Nel complesso, il documento proposto da Mosca si configura come un pacchetto fortemente sbilanciato: da un lato impone condizioni molto dettagliate e vincolanti a Kyiv, dall’altro si limita a offrire generiche aperture su riconciliazione economica e diplomatica. Le condizioni delineano una ridefinizione completa della sovranità ucraina nei termini stabiliti da Mosca, non come esito negoziale paritario, ma come risultato di un rapporto di forza.



Parte 2 – Un’agenda che violerebbe l’intero diritto internazionale

Con questo elenco di condizioni, Mosca non propone un accordo di pace, ma una ridefinizione unilaterale dell’ordine internazionale. E lo fa a colpi di violazioni. Un semplice esame giuridico del documento russo ci mostra come ogni paragrafo sia in aperta contraddizione con i pilastri normativi delle Nazioni Unite, dell’OSCE, degli accordi di Helsinki e della stessa giurisprudenza costituzionale europea.

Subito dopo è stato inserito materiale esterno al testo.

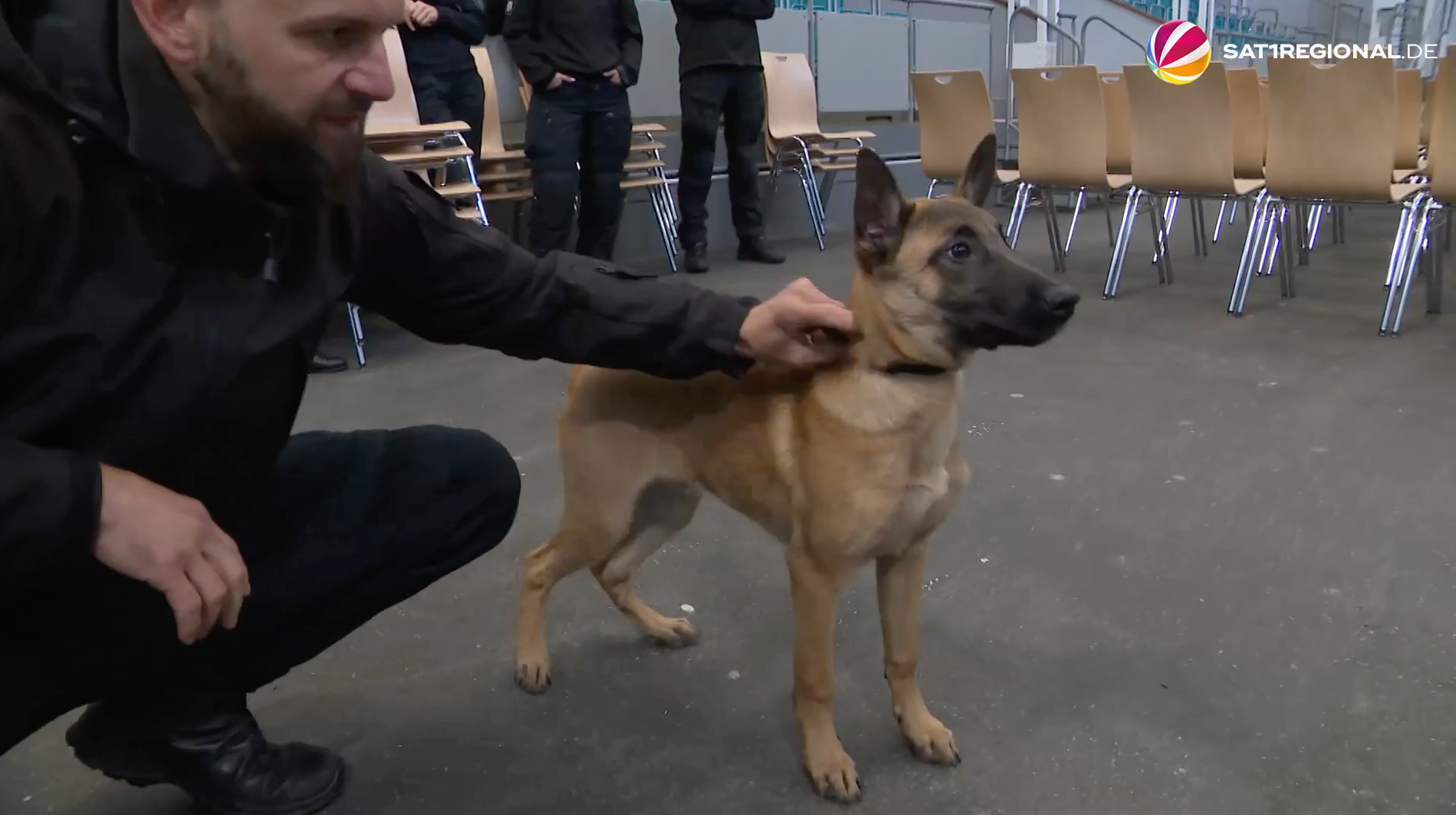 Video: Polizeihunde: So werden Welpen in Neumünster ausgebildet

Lo Statuto dell’ONU è chiaro fin dai primi articoli. L’articolo 1 comma 2 sancisce il diritto dei popoli all’autodeterminazione, mentre l’art. 2 impone la sovrana eguaglianza tra gli Stati membri, il rispetto degli impegni presi, la risoluzione pacifica delle controversie e, soprattutto, l’astensione dalla minaccia o uso della forza. Eppure il piano russo è stato concepito e presentato durante un’occupazione militare, sotto la minaccia delle armi e prevedendo un disarmo selettivo dell’Ucraina: una clausola che, se accettata, toglierebbe a Kyiv perfino il diritto all’autodifesa (art. 51) e legherebbe le sue mani rispetto a qualunque alleanza regionale (art. 52).

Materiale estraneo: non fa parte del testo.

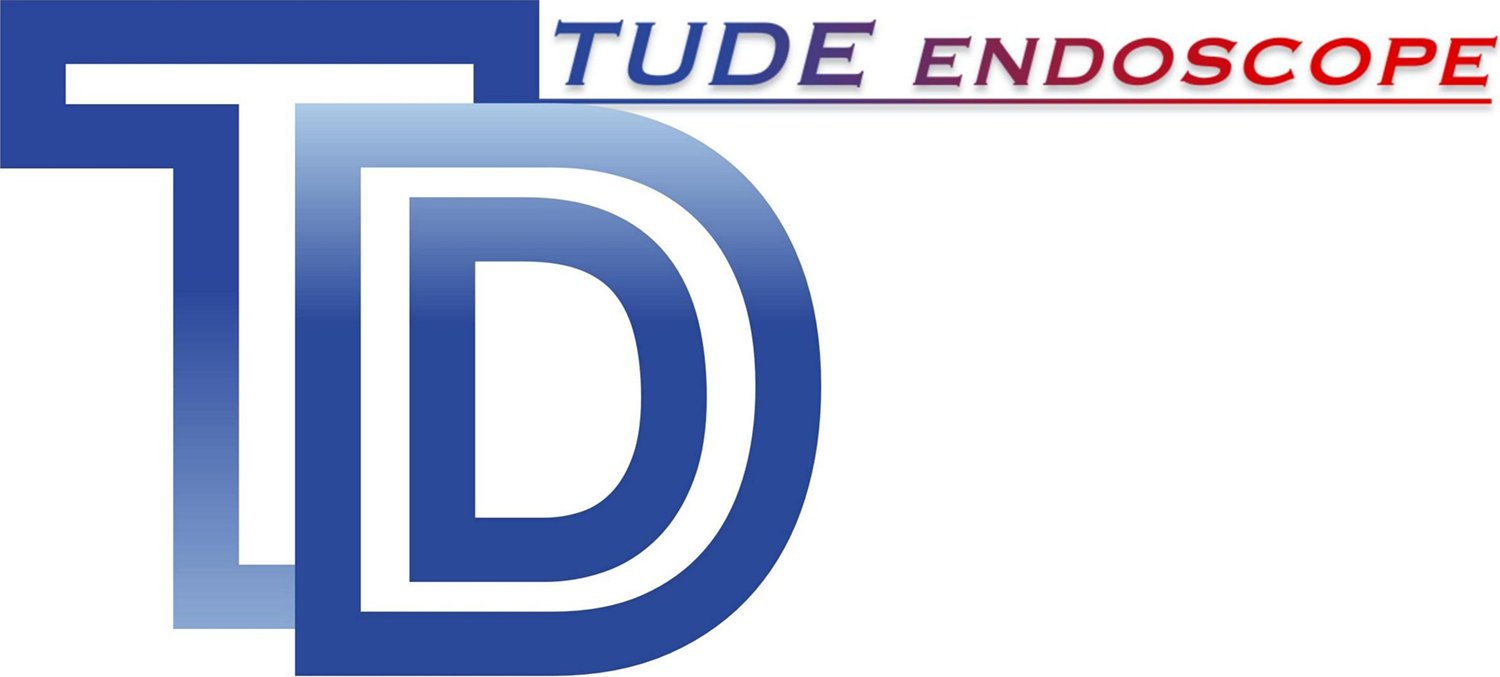 Tude Endoscope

Non va meglio con la Carta per la Sicurezza Europea sottoscritta a Istanbul nel 1999, che all’art. 8 impone a ogni Stato di non rafforzare la propria sicurezza a scapito di quella altrui. Il documento russo invece impone la smobilitazione ucraina e lo scioglimento di intere strutture militari, senza alcun impegno speculare. Gli articoli 11, 14, 19, 21, 22 e 25 rafforzano poi il quadro, evocando principi come il rispetto dello Stato di diritto, il divieto di violenza, la difesa della libertà di coscienza e l’obbligo di garantire elezioni libere: tutte condizioni che la bozza russa ignora o deroga.

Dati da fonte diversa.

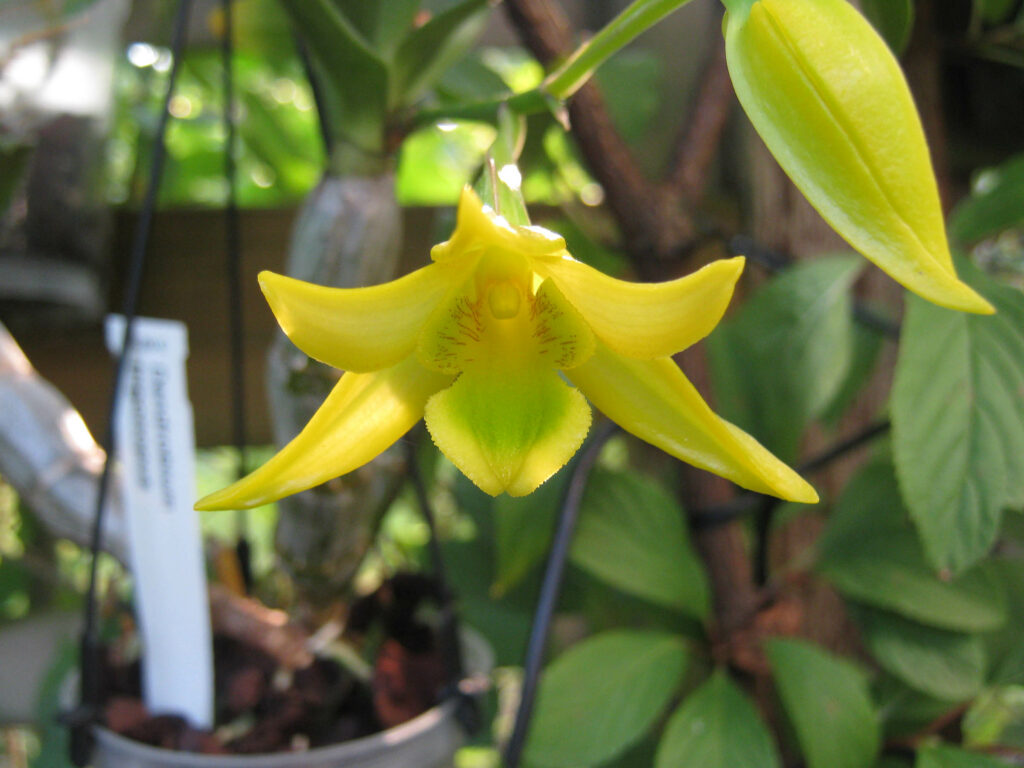 Dendrobium trigonopus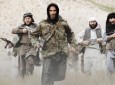 سقوط دو ولسوالی استراتژیک در شمال و غرب توسط طالبان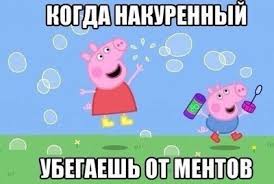 Картинки с глубочайшим жизненным смыслом. Часть третья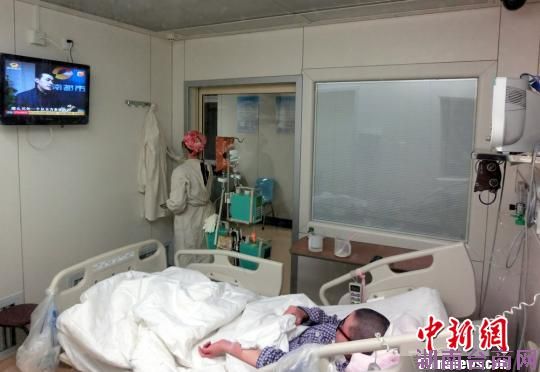 ̨������Ѫ��ϸ���������ϰ�Ѫ��Ů��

L’OSCE stessa si fonda sui 10 principi degli accordi di Helsinki del 1975, rilanciati nel 1990 dalla Carta di Parigi: sovranità, integrità territoriale, non ingerenza, diritti umani, libertà di espressione, autodeterminazione. Niente di tutto questo sopravviverebbe se venisse siglata la proposta moscovita, che sancirebbe una resa politica, militare e culturale dell’Ucraina sotto la spinta di un diktat neozarista.

Si infrange così anche l’accordo di amicizia russo-ucraino del 1997, già calpestato con l’invasione della Crimea nel 2014. E addirittura si contraddice un parere della Commissione di Venezia del Consiglio d’Europa (2011), che raccomandava di proteggere prioritariamente la lingua ucraina per evitare un suo svilimento sotto pressione russa.

Un’imposizione unilaterale

Alla luce di queste considerazioni, è legittimo interrogarsi sul significato attribuito oggi al concetto di “pace”, soprattutto quando viene invocata in assenza di condizioni che garantiscano giustizia e rispetto del diritto internazionale. L’ipotesi di un ordine mondiale fondato sul principio della forza anziché sul diritto è intollerabile. La proposta avanzata da Mosca non appare come un trattato di pace equilibrato, ma come un’imposizione unilaterale che sancisce la sconfitta e la subordinazione di una delle parti. Definire questa dinamica come “realismo” legittima una visione dei rapporti internazionali fondata sulla sopraffazione. Una pace duratura, al contrario, presuppone il rispetto delle regole condivise, la tutela delle libertà fondamentali e un equilibrio tra le parti. Elementi che, nel documento diffuso dal Cremlino, risultano assenti.